宇宙の映像を見ると、宇宙飛行士がフワフワと浮かんでいますよね。
そのため多くの人は、宇宙は「無重力空間」だと思っています。
しかし実は、これは少し誤解があります。
驚くべきことに、宇宙ステーションがある高さでも地球の重力はほとんど残っているのです。
では、なぜ宇宙飛行士は浮いているのでしょうか?
その答えは「自由落下」という意外な現象にあります。
宇宙にも重力はある
宇宙飛行士が活動している場所として有名なのが、地球の周りを回る国際宇宙ステーション(ISS)です。
ISSは地上からおよそ高度400kmの場所にあります。
この高さなら重力はほとんどなくなっていると思いがちですが、実際には違います。
ISSの場所でも、地球の重力は
地上の約90%
も残っています。
つまり宇宙飛行士たちは、ほぼ地上と同じ重力の中にいるのです。
それなのに、なぜ体が浮いてしまうのでしょうか?
実は「落ち続けている」
その秘密は 自由落下(フリーフォール) という状態にあります。
自由落下とは、
重力以外の力を受けずに落ち続けている状態
のことです。
少し想像してみてください。
もしエレベーターのワイヤーが切れて、エレベーター全体が落下し始めたらどうなるでしょう?
エレベーターの中では
- 人
- バッグ
- 手に持ったリンゴ
すべてが同じ速さで落ちます。
すると、人から見ると物は落ちているように見えません。
目の前にフワッと浮いているように見えるのです。
実際には重力は働いていますが、自分も周りの物も同時に落ちているため重さを感じないのです。

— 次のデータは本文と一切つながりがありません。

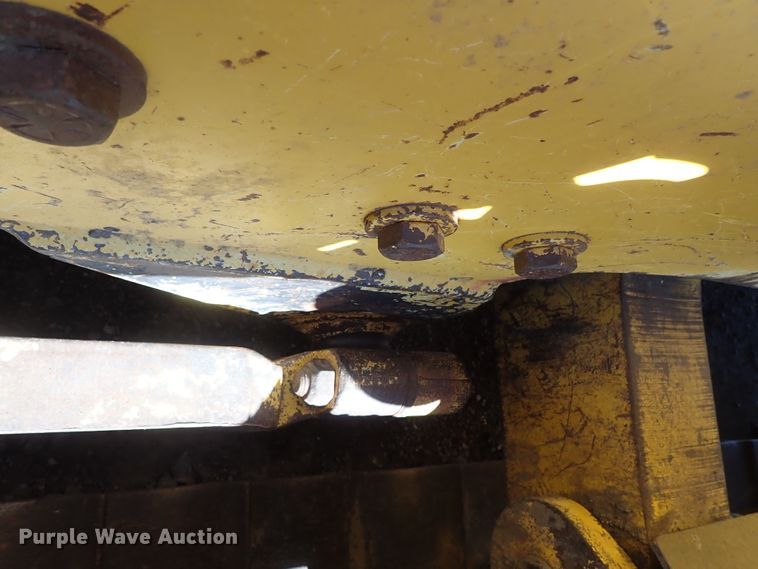 image for item DC3447 2004 John Deere 750C dozer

これと同じことが宇宙ステーションの中でも起きています。
宇宙ステーションは猛スピードで飛んでいる
しかし、エレベーターの自由落下なら、すぐ地面にぶつかります。
ではなぜISSは地球に落ちないのでしょうか?
ここで重要なのが、宇宙ステーションのものすごいスピードです。
ISSは地球の周りを
秒速 約7.9km(時速 約28,000km)
という超高速で移動しています。
これは音速の約23倍、つまりマッハ23という驚くべき速さです。
このスピードのおかげで、ISSはただ下に落ちているのではなく、横方向にも猛烈な勢いで進んでいるのです。
地球のカーブと同じだけ落ちる
ここでボール投げを想像してみましょう。
- 軽く投げる → すぐ地面に落ちる
- 強く投げる → もっと遠くに落ちる
では、もしものすごく強く投げたらどうなるでしょう?
もしボールが、地球が丸くカーブするのと同じだけ落ち続けるスピードで飛んだら、どうなるでしょうか。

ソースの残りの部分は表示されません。